- Born: 17 September 1962 (age 63) Sardauna, Taraba State
- Organization: Trade Union Congress
- Title: former President of Trade Union Congress
- Term: 21 June 2013 – 1 July 2019
- Predecessor: Peter Esele
- Successor: Quadri Olaleye
- Political party: NNPP
- Movement: Trade Unionist
- Honours: Tafidan Mambilla

= Bobboi Kaigama =

Nigerian trade unionist (born 1962)

Comrade Bobboi Kaigama (born 17 September 1962) is a Nigerian trade unionist and former president of the Trade Union Congress of Nigeria.

== Early life ==
Bobboi Kaigama was born on 17 September 1962 in a village called Kakara in Sardauna in Taraba State. He obtained a Bachelor of Science degree in Urban and Regional Planning and Master of Business Administration in Project Management Technology from Obafemi Awolowo University and Federal University of Technology, Owerri.

== Career ==
Kaigama was the chairman of the Taraba State branch of the Association of Senior Civil Servants of Nigeria (ASCSN), a trade union for staff working in the civil service in Nigeria. Since 2005, he has been a member of the National Executive Council of Trade Union Congress of Nigeria (TUC). Kaigama was the National Vice President of ASCSN till 2013 where he was appointed National President of both ASCSN and TUC. These two trade unions represent all senior staff unions and associations in both public and private sectors in Nigeria. He went on to serve two terms as President of TUC from 2013 to 2019.
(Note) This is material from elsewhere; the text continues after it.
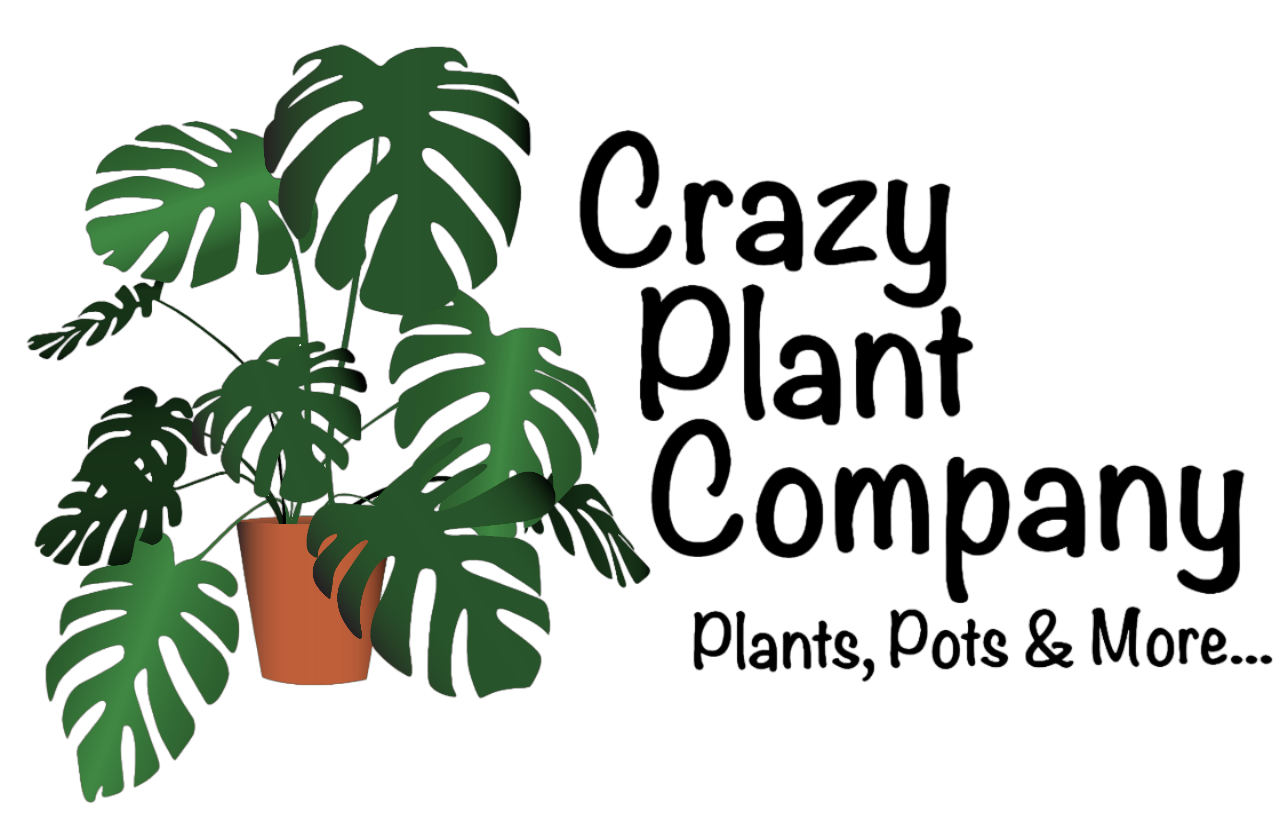 Home | Crazy Plant Company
In 2025, he was nominated by Bola Ahmed Tinubu as a Federal Commissioner representing Taraba State at the Federal Character Commission (FCC). State House Abuja. On 27 November 2025 his appointment was confirmed by the Senate of Nigeria alongside other nominees following a screening report submitted by the Senate Committee on Federal Character and Inter-Governmental Affairs.
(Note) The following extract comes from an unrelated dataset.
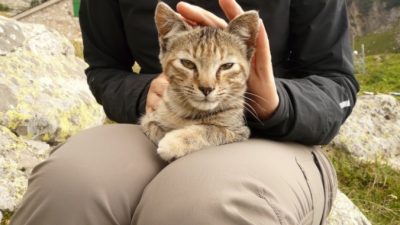 Любимая кошка мешала хозяевам работать на дому. И они придумали, как её обмануть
As a commissioner of the Federal Character Commission, Kaigama will be part of the body mandated to implement and enforce the “federal character principle” ensuring fairness and equity in the distribution of public posts and socio-economic infrastructures across Nigeria’s federating units.

=== Political career ===
Kaigama applied for the senatorial ticket of Taraba Central under All Progressives Congress but lost to Marafa Bashir Abba in the primaries. He left the party shortly after later joining New Nigeria People's Party and was chosen to run for Senator of Taraba Central. Kaigama lost the election to the PDP candidate, Haruna Manu, who was the state's outgoing Deputy Governor.